### Assignment
Nothing but the lines from the one containing "paulinekelly.com: Jane Austen" through the end of the entries below should appear in your answer, transcribed exactly; please drop the pictures.

### Exercise data
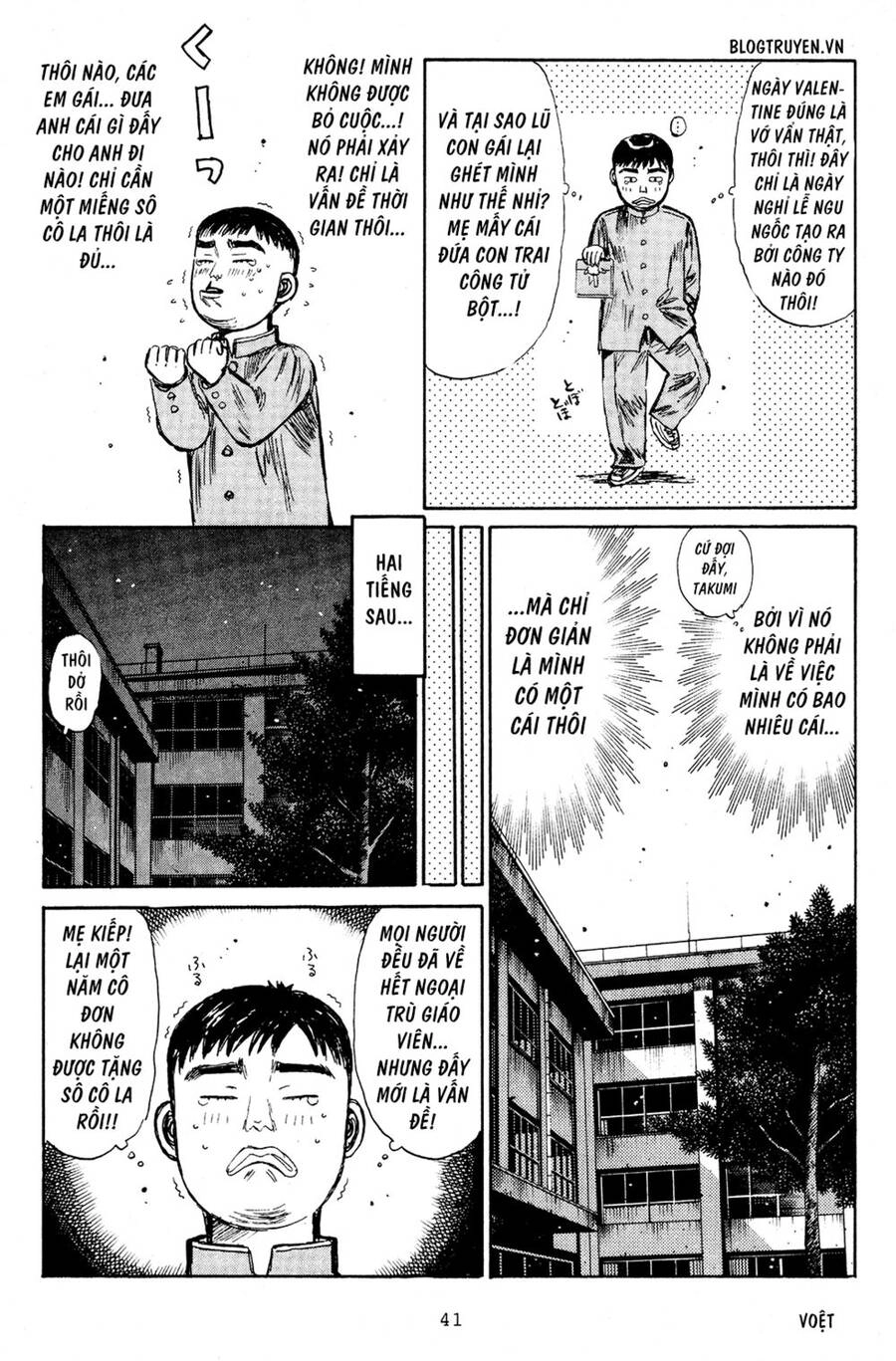 Initial D Chapter 186 - 14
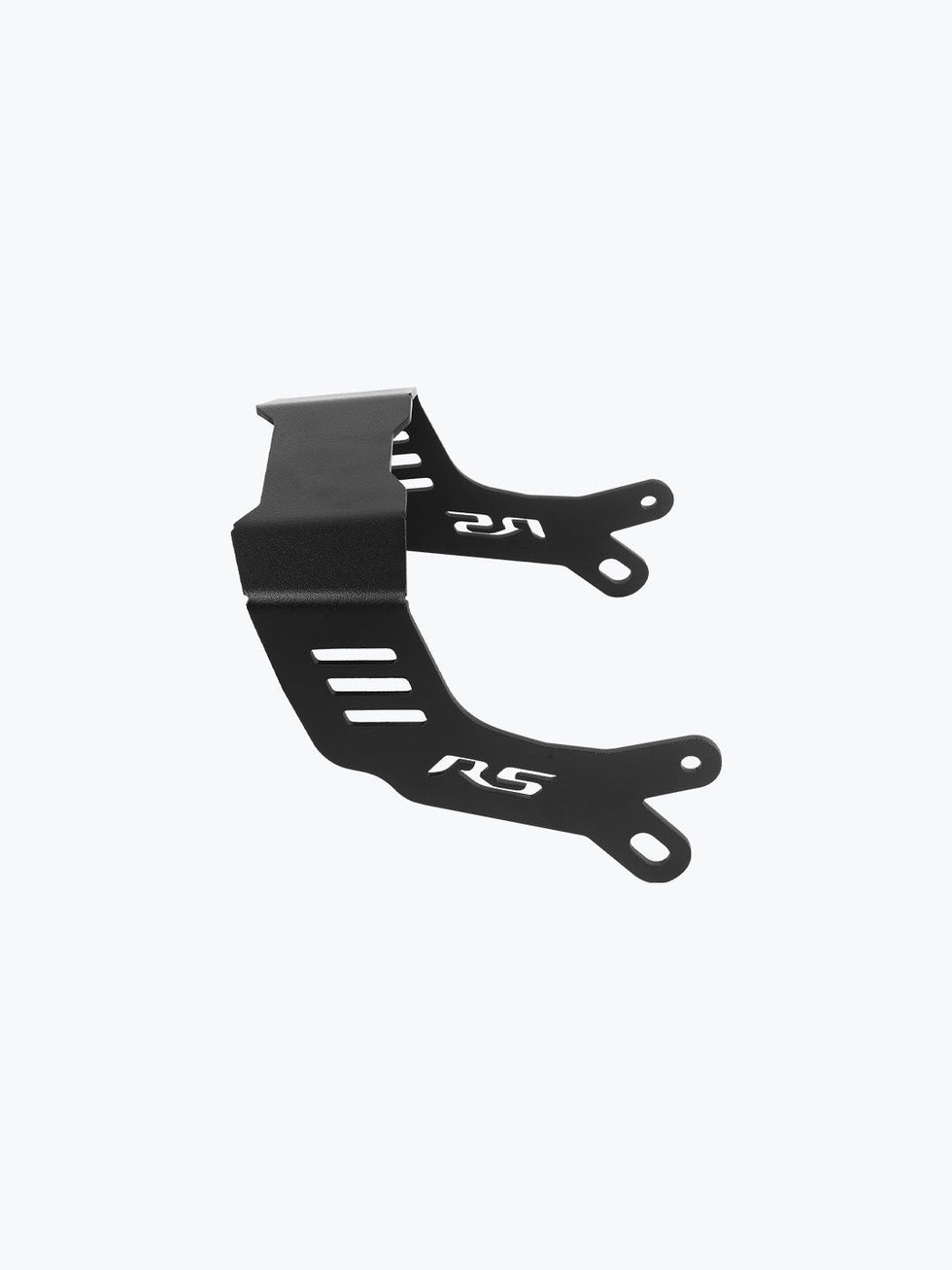 Honda CB350 RS Mudguard Extender + Grab Rail Combo | JB Racing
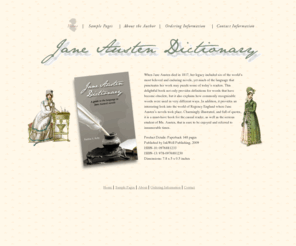 paulinekelly.com: Jane Austen Dictionary | by Pauline Kelly
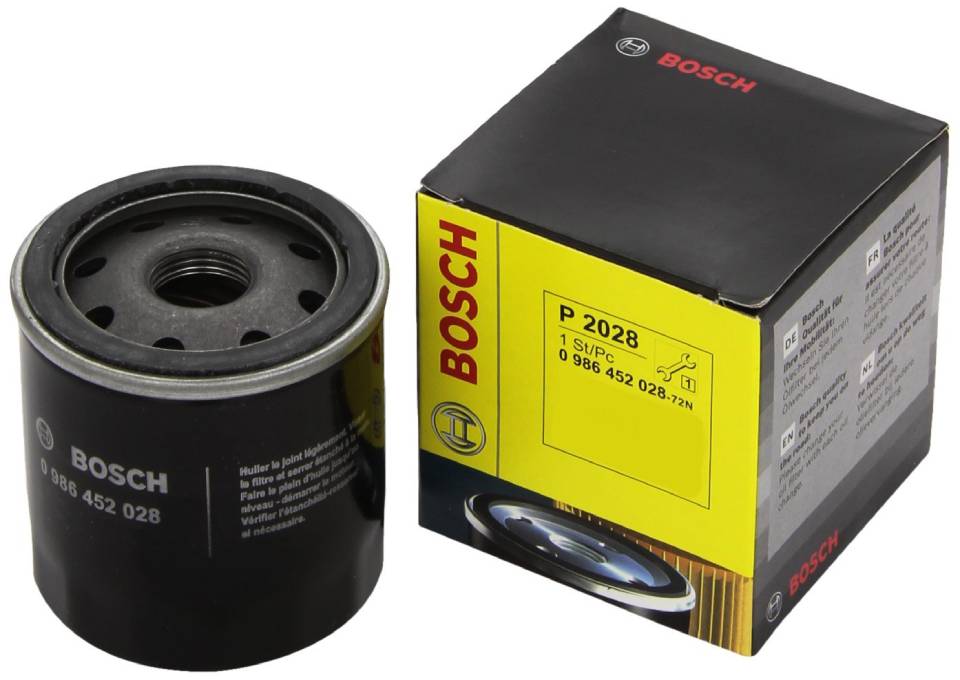 Bosch filtro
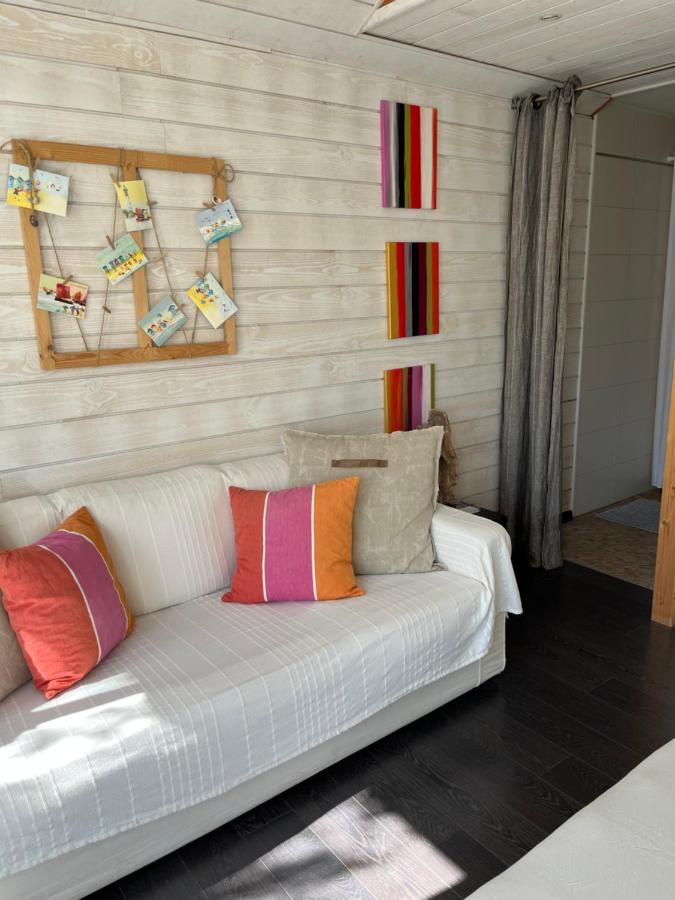 Chambre D'Hotes Golf Du Morbihan Plougoumelen Exteriér fotografie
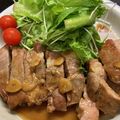 さとかげつん's cooksnap of when they made うちの豚ステーキ.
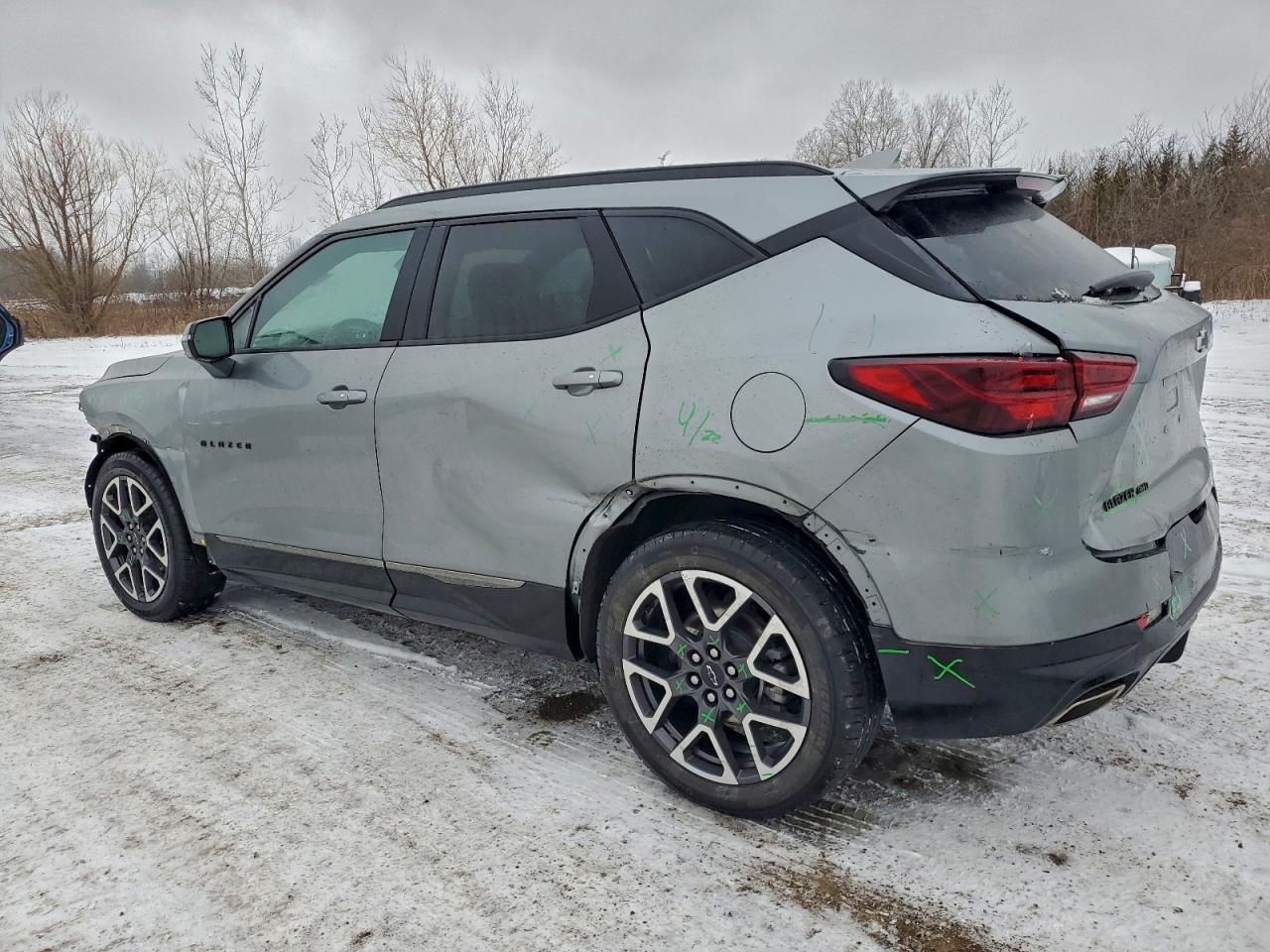 2023 CHEVROLET BLAZER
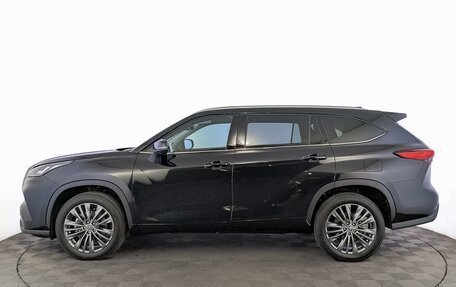 Toyota Highlander, 2025 год, 6 400 000 рублей, 3 фотография
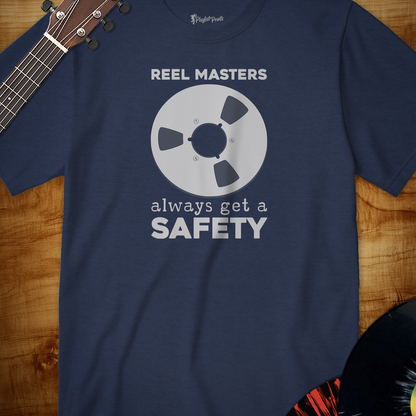 Reel Masters Tee
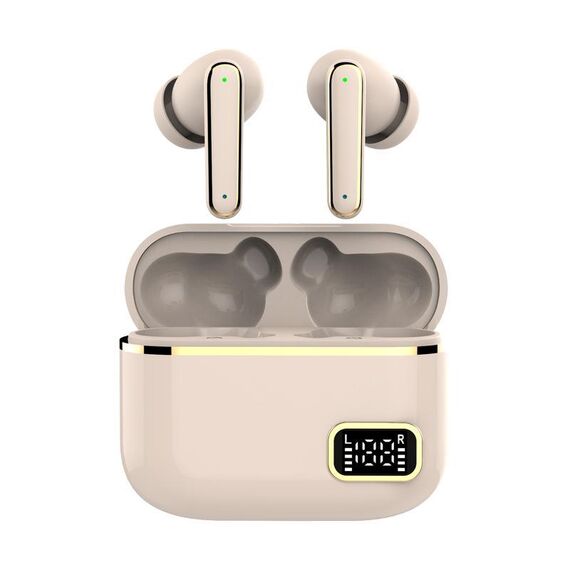 Apparecchio acustico in-ear Smart Touch con vano di ricarica digitale (colore della pelle)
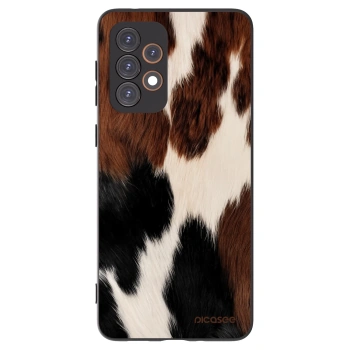 Picasee Samsung Galaxy A33 5G A336 Hülle - Schwarzes Silikon - Rodeo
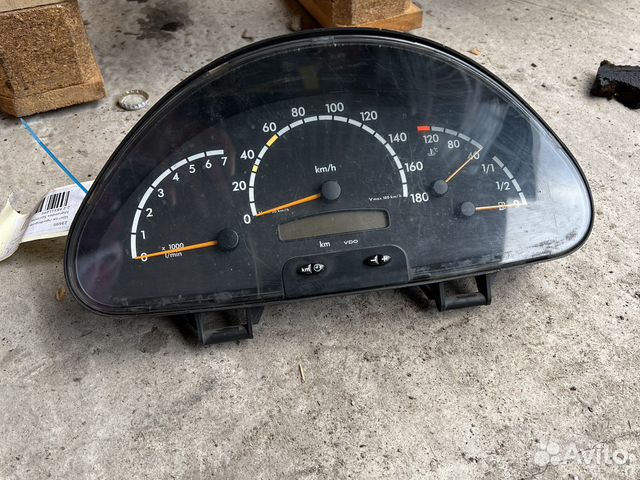 Щиток приборов Mercedes Sprinter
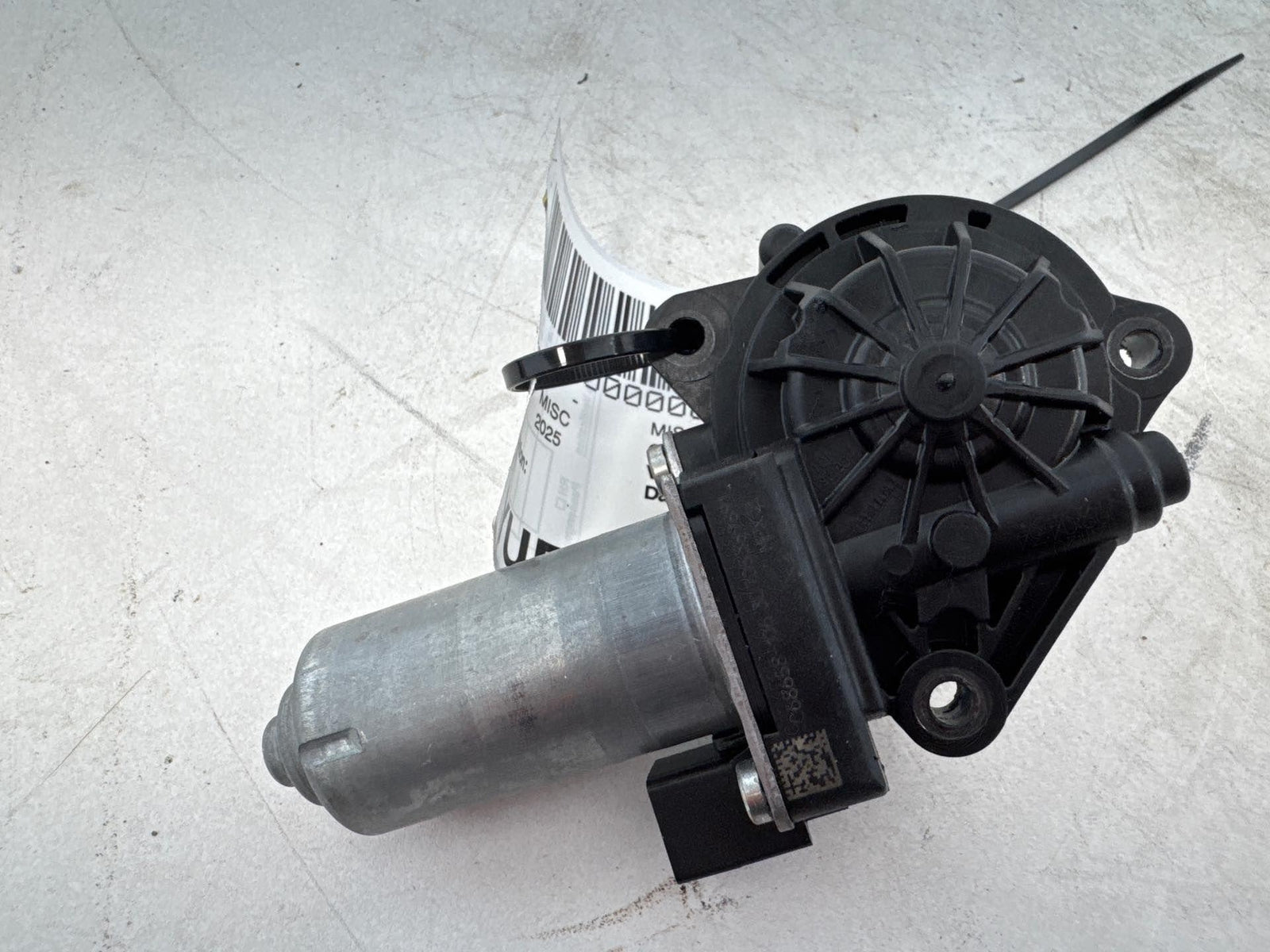 17-23 Land Rover Discovery Rear Right 2Nd Row Seat Adjust Power Motor Oem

### Finished task
 paulinekelly.com: Jane Austen Dictionary | by Pauline Kelly
 Bosch filtro
 Chambre D'Hotes Golf Du Morbihan Plougoumelen Exteriér fotografie
 さとかげつん's cooksnap of when they made うちの豚ステーキ.
 2023 CHEVROLET BLAZER
 Toyota Highlander, 2025 год, 6 400 000 рублей, 3 фотография
 Reel Masters Tee
 Apparecchio acustico in-ear Smart Touch con vano di ricarica digitale (colore della pelle)
 Picasee Samsung Galaxy A33 5G A336 Hülle - Schwarzes Silikon - Rodeo
 Щиток приборов Mercedes Sprinter
 17-23 Land Rover Discovery Rear Right 2Nd Row Seat Adjust Power Motor Oem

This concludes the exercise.